57_Insert Interval

[Hard][Array, Sort]

Given a set of _non-overlapping _intervals, insert a new interval into the intervals (merge if necessary).

You may assume that the intervals were initially sorted according to their start times.

Example 1:

Input: intervals = [[1,3],[6,9]], newInterval = [2,5]

Output: [[1,5],[6,9]]

Example 2:

Input: intervals = 
[[1,2],[3,5],[6,7],[8,10],[12,16]], newInterval = [4,8]
Output: [[1,2],[3,10],[12,16]]

Solution 1: Linear Search

Idea:

• First search for the position where we should insert or merge the new interval. The intervals on the left will be neglected.

• Then search for the position where we end insertion or merge. The intervals on the right will be neglected.

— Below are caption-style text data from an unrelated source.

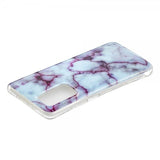 Samsung Galaxy A72 Kuori Marmori Harmaa Violetti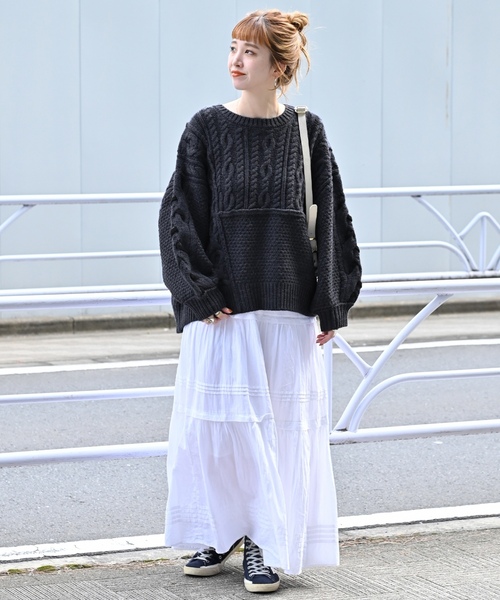 「B.C STOCK」 長袖ニット FREE グリーン レディース_画像8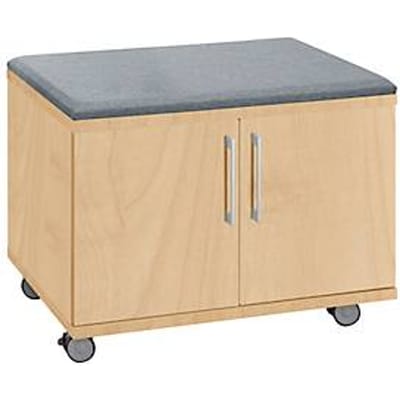 Schäfer Shop Select Rolkast, met zitfunctie, B 800 x D 450 x H 590 mm, ahorn decor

• Finally insert or merge the new interval.

Time Complexity: $O(n)$

Space Complexity: $O(1)$

# Definition for an interval.
# class Interval(object):
#     def __init__(self, s=0, e=0):
#         self.start = s
#         self.end = e

def insert(intervals, newInterval):
    """
    :type intervals: List[Interval]
    :type newInterval: Interval
    :rtype: List[Interval]
    """
    # sort the intervals by starting point
    # intervals.sort(key=lambda x: x.start)

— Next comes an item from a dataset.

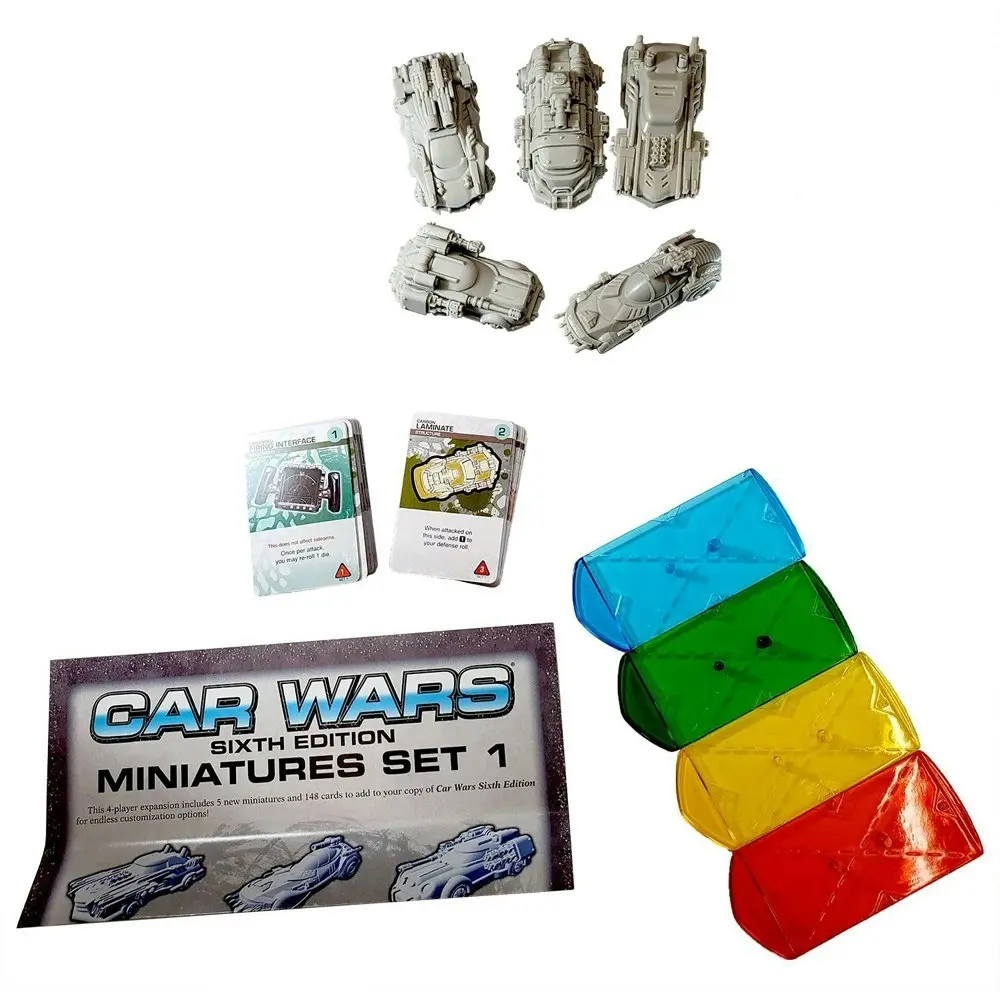 Steve Jackson Games Car Wars 6th Edition Miniatures Kids/Adult Figure Toy Set 1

    # search the position to start insert/merge
    i = 0
    while i < len(intervals) and newInterval.start > intervals[i].end:
        i += 1
    # if the starting point of new interval is larger than every interval
    # insert new interval to the end
    if i == len(intervals):
        return intervals + [newInterval]

    # search the position to finish insert/merge
    j = i
    while j < len(intervals) and newInterval.end >= intervals[j].start:
        j += 1

    if j == i:
        # insert the new interval
        intervals[i:j] = [newInterval]
    else:
        # merge the new interval with overlapping intervals
        left = min(intervals[i].start, newInterval.start)
        right = max(intervals[j-1].end, newInterval.end)
        # insert into the intervals
        intervals[i:j] = [Interval(left, right)]
    return intervals

Solution 2: Binary Search

Idea:

• Extract all the starting values from the intervals, find the right place to insert the starting point in the new interval by binary search

• Extract all the ending values from the intervals, find the right place to insert the ending point in the new interval bu binary search

• Insert or merge the new interval into the overlapping place.

Time Complexity: $O(\log{n})$

Space Complexity: $O(1)$

# Definition for an interval.
# class Interval(object):
#     def __init__(self, s=0, e=0):
#         self.start = s
#         self.end = e

def insert(intervals, newInterval):
    """
    :type intervals: List[Interval]
    :type newInterval: Interval
    :rtype: List[Interval]
    """        
    left, right = newInterval.start, newInterval.end
    start = [interval.start for interval in intervals]
    end = [interval.end for interval in intervals]
    i = bisect.bisect_left(start, left)
    j = bisect.bisect(end, right)
    if i > 0 and left <= intervals[i-1].end:
        left = intervals[i-1].start
        i = i - 1
    if j < len(intervals) and right >= intervals[j].start:
        right = intervals[j].end
        j = j + 1
    intervals[i:j] = [Interval(left, right)]
    return intervals